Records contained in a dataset
☆ ☆ ☆
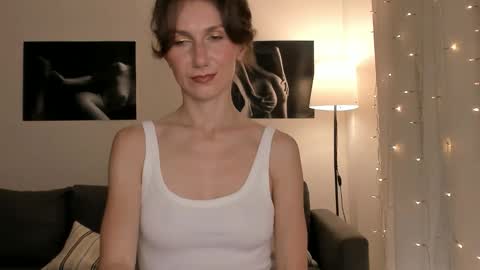 shesleepsnaked online show from 04-18-26, 06:34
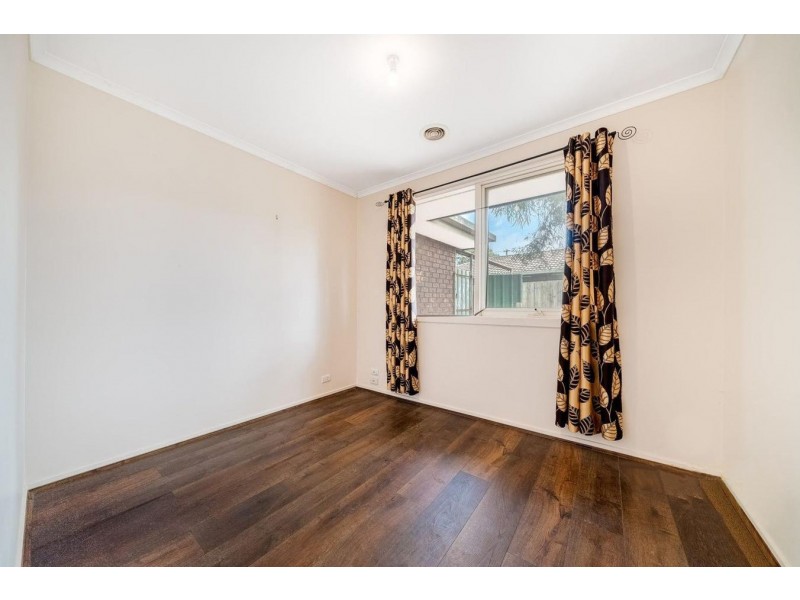 8 Dobell Crescent, Werribee VIC 3030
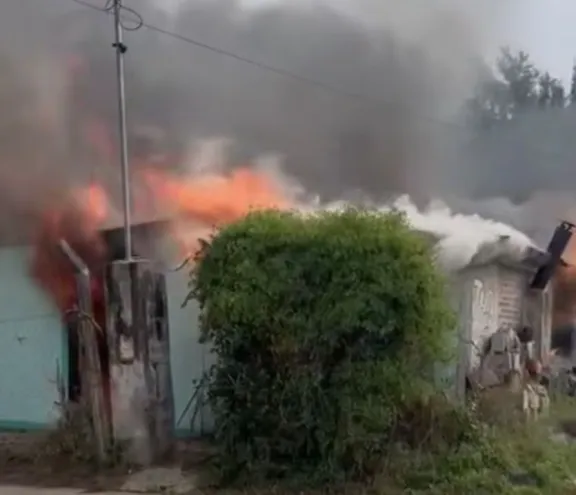 Murió una mujer de 84 años y sus dos nietos están internados tras un incendio en Gualeguay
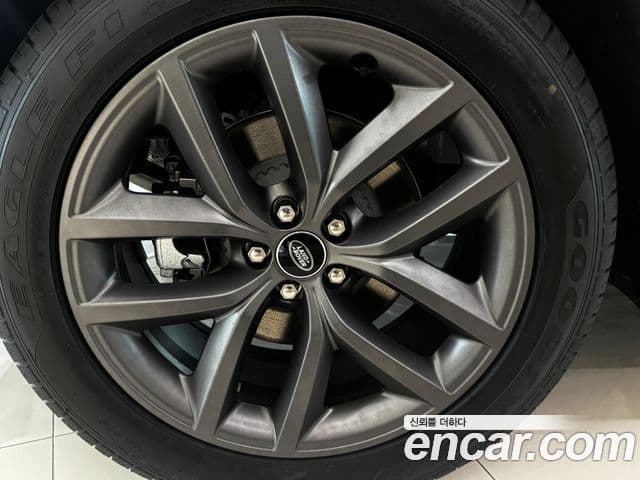 Land Rover Range Rover Velar 2026 — Şəkil 4/20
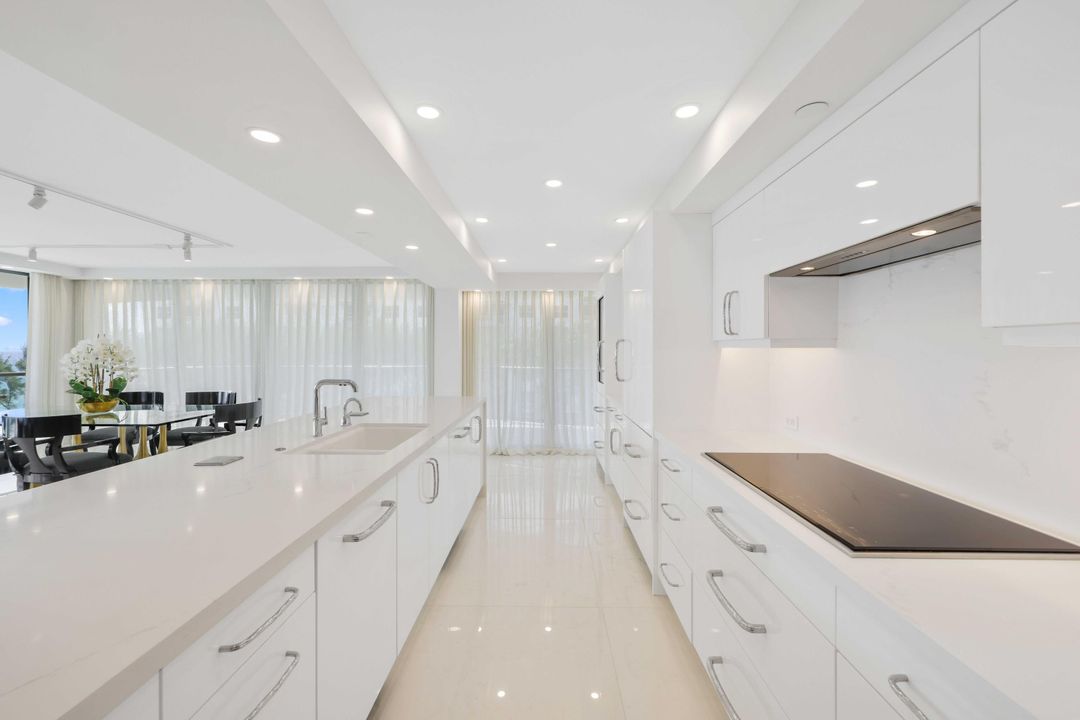 En Venta: $2,980,000 (3 camas, 3 baños, 2131 Pies cuadrados)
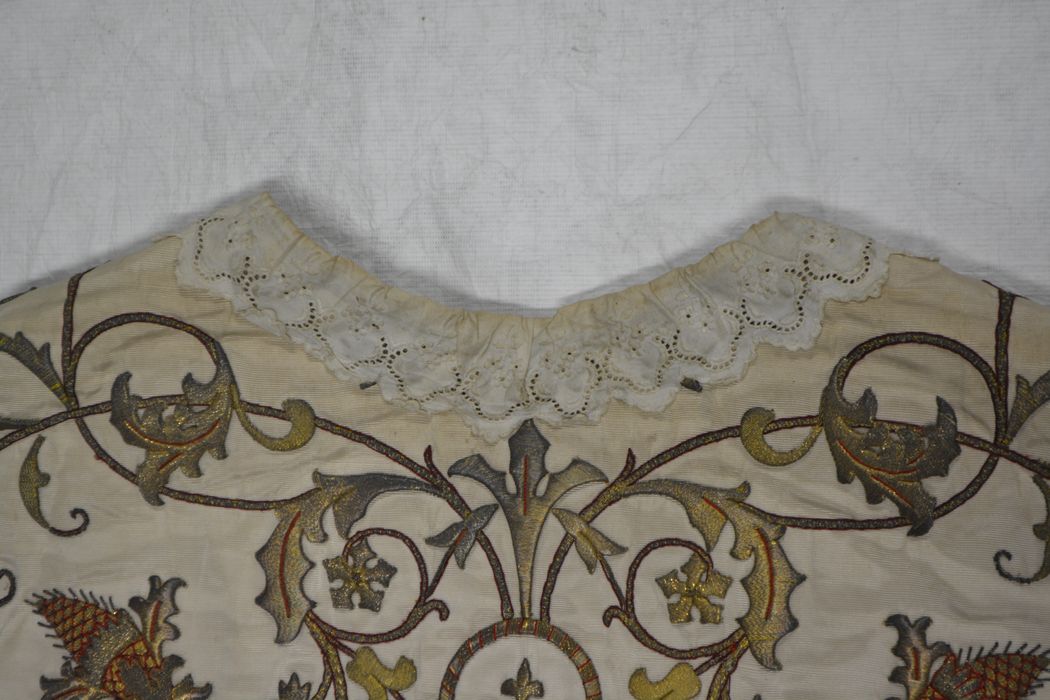 chasuble (ornement liturgique blanc), détail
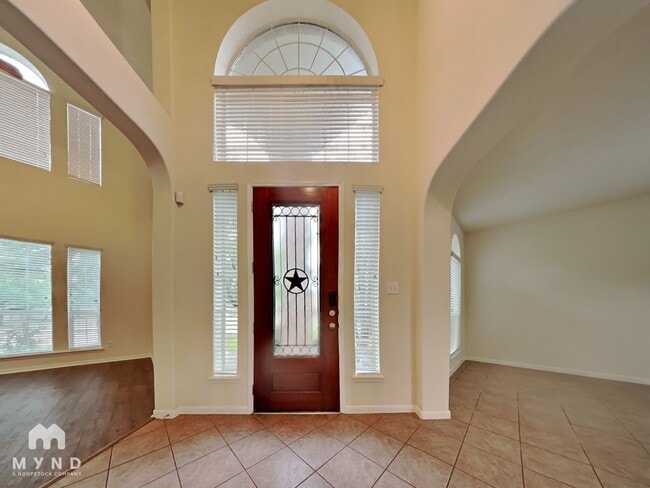 Building Photo - 7711 Summer Shore Dr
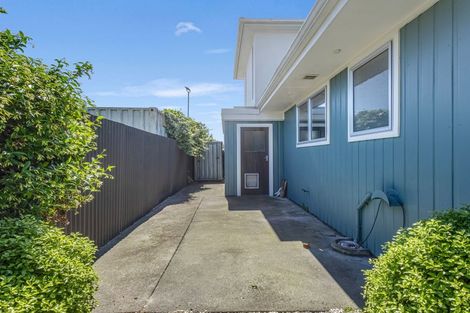 Photo of property in 11 Chester Street, Taradale, Napier, 4112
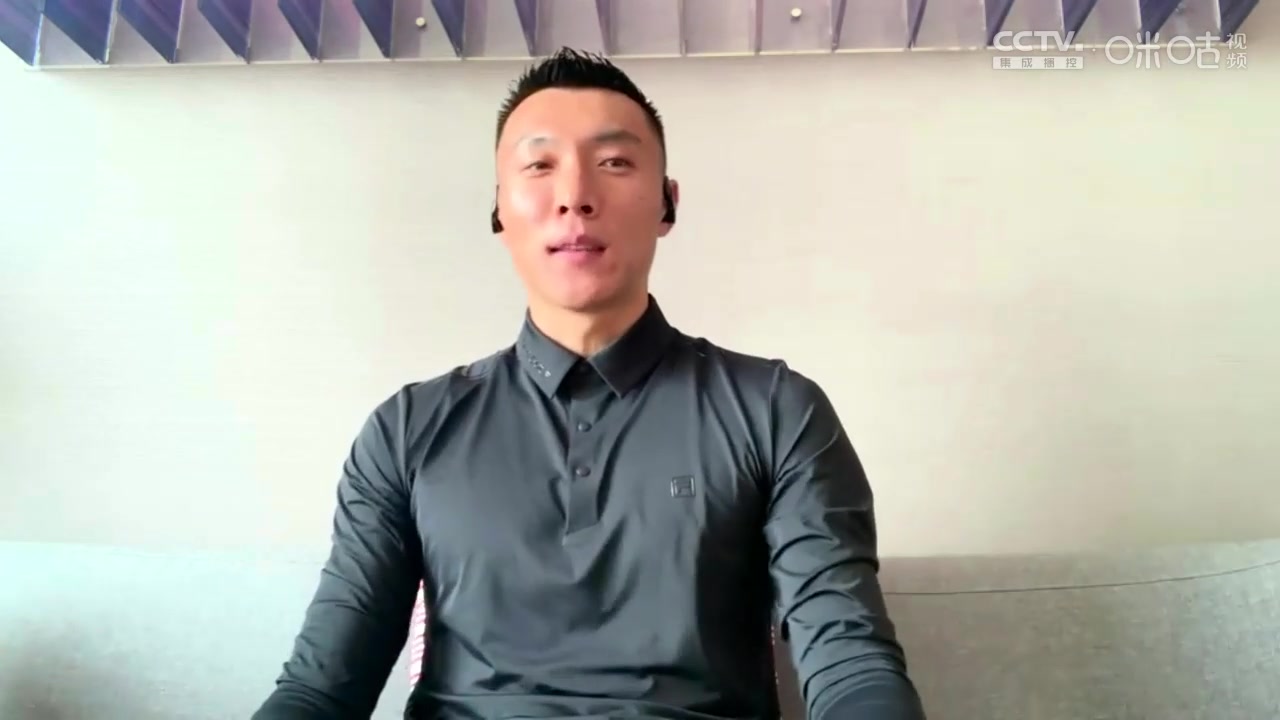 这动作可不太好！苏若禹防守垫脚托多罗维奇被判违体犯规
☆ ☆ ☆
Quote the records above exactly, from the first line through the line containing "Photo of property", and leave out the pictures.

 shesleepsnaked online show from 04-18-26, 06:34
 8 Dobell Crescent, Werribee VIC 3030
 Murió una mujer de 84 años y sus dos nietos están internados tras un incendio en Gualeguay
 Land Rover Range Rover Velar 2026 — Şəkil 4/20
 En Venta: $2,980,000 (3 camas, 3 baños, 2131 Pies cuadrados)
 chasuble (ornement liturgique blanc), détail
 Building Photo - 7711 Summer Shore Dr
 Photo of property in 11 Chester Street, Taradale, Napier, 4112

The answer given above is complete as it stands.